Gary O. Bartlett, the executive director of the North Carolina State Board of Elections, Friday confirmed that Allen, Texas-based Diebold notified his agency this week that it was pulling out of the running to sell its e-voting systems to the state. Reached at his home in Goldsboro, N.C., Bartlett said he was on vacation for the holidays and declined further comment. A Diebold spokesman said his company withdrew because a new state law was too difficult to adhere to.

Another vendor, Sequoia Voting Systems Inc. in Oakland, Calif., was dropped from the state certification process after it was unable to obtain a required federal system certification, said spokeswoman Michelle Shafer.
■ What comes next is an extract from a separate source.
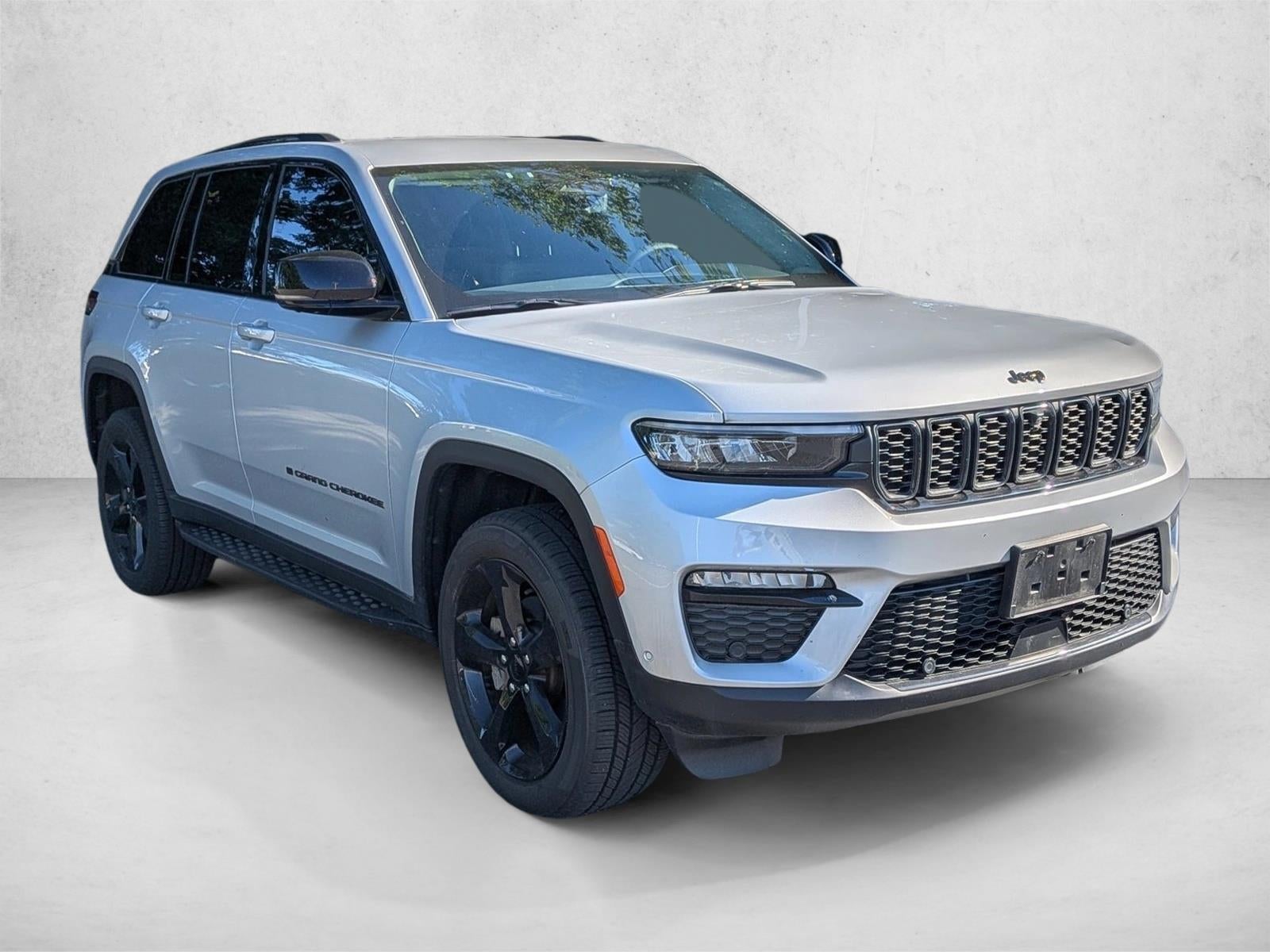 2024 Jeep Grand Cherokee Limited 4x4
The company wanted to remain in the running while it attempted to get federal certification, but the state election board declined the offer, she said.

Only one company, Election Systems & Software Inc. in Omaha, remains as an e-voting systems vendor in North Carolina as part of a certification process that began earlier this year.

The withdrawals of Diebold and Sequoia come a few weeks after the San Francisco-based Electronic Frontier Foundation (EFF), a national digital rights advocacy group, filed a lawsuit against the North Carolina board of elections, alleging that the agency had certified e-voting systems from the three vendors on Dec. 1 before performing "nondiscretionary source code integrity reviews prior to granting certification."

The EFF complaint was also filed on behalf of Winston-Salem, N.C., resident Joyce McCloy, who has been an e-voting activist in the state for the past several years and is the founder of the North Carolina Coalition for Verified Voting.